ACTIVITY :: Give back every line of the data exactly. Pictures are not part of the copy.
*** Opening of GIVEN MATERIAL ***
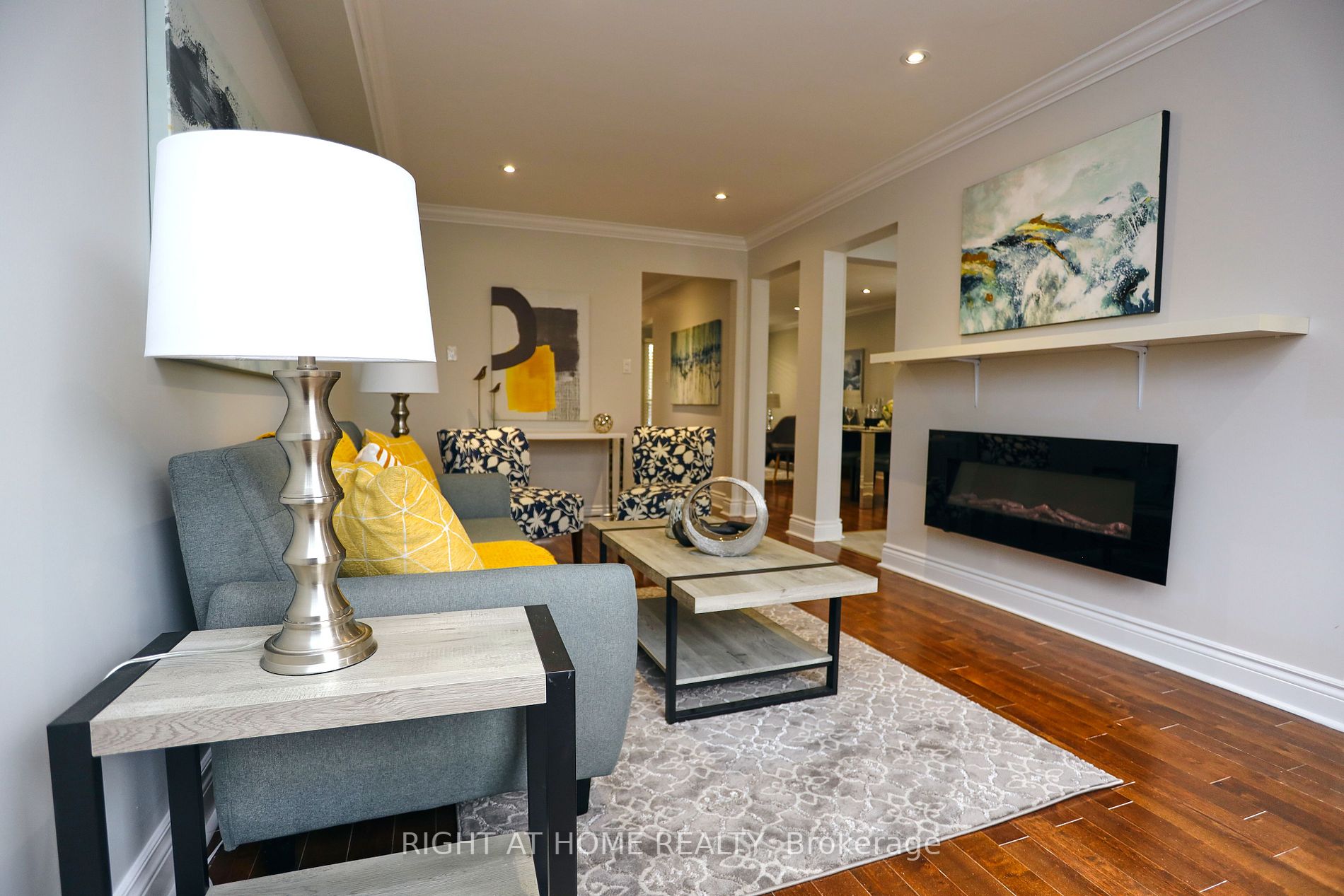 229 Billings Cres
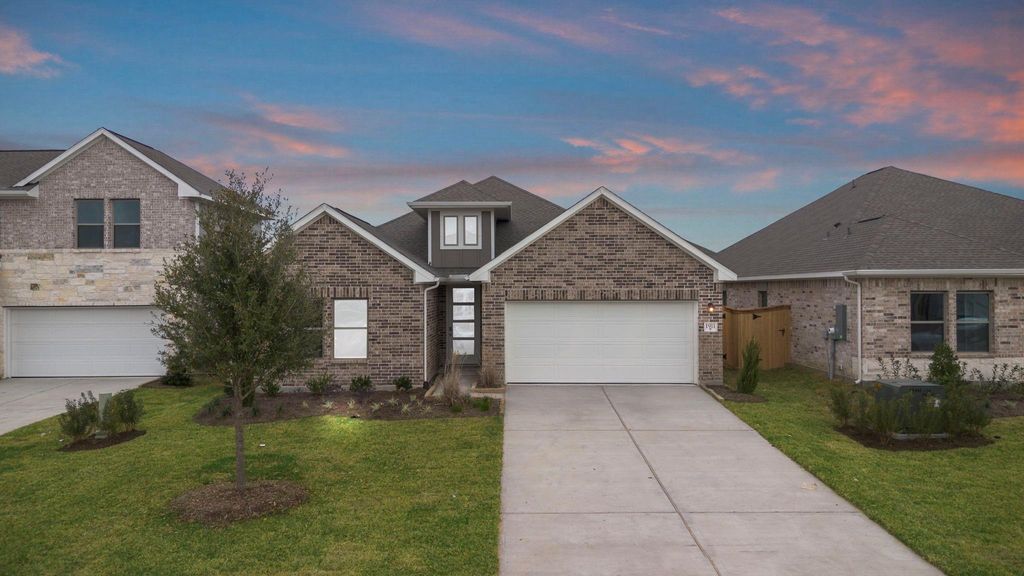 Photo of 1911 Stargazer Lane, Angleton, TX 77515 (MLS # 79268020)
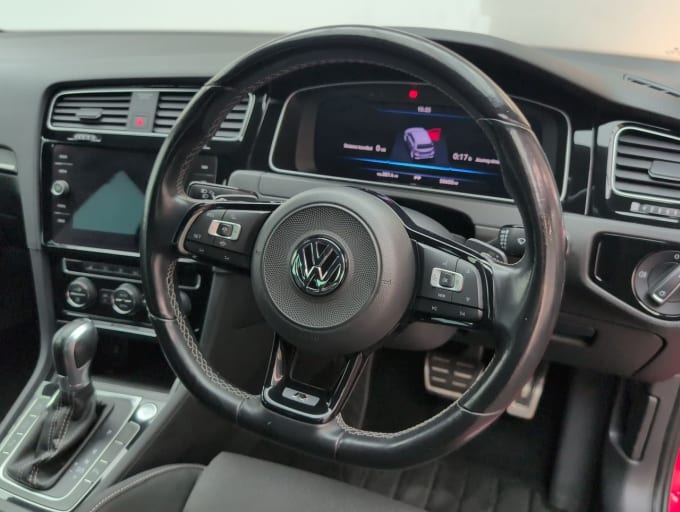 2025 Volkswagen Golf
*** Close of GIVEN MATERIAL ***
TASK RESULT ::
 229 Billings Cres
 Photo of 1911 Stargazer Lane, Angleton, TX 77515 (MLS # 79268020)
 2025 Volkswagen Golf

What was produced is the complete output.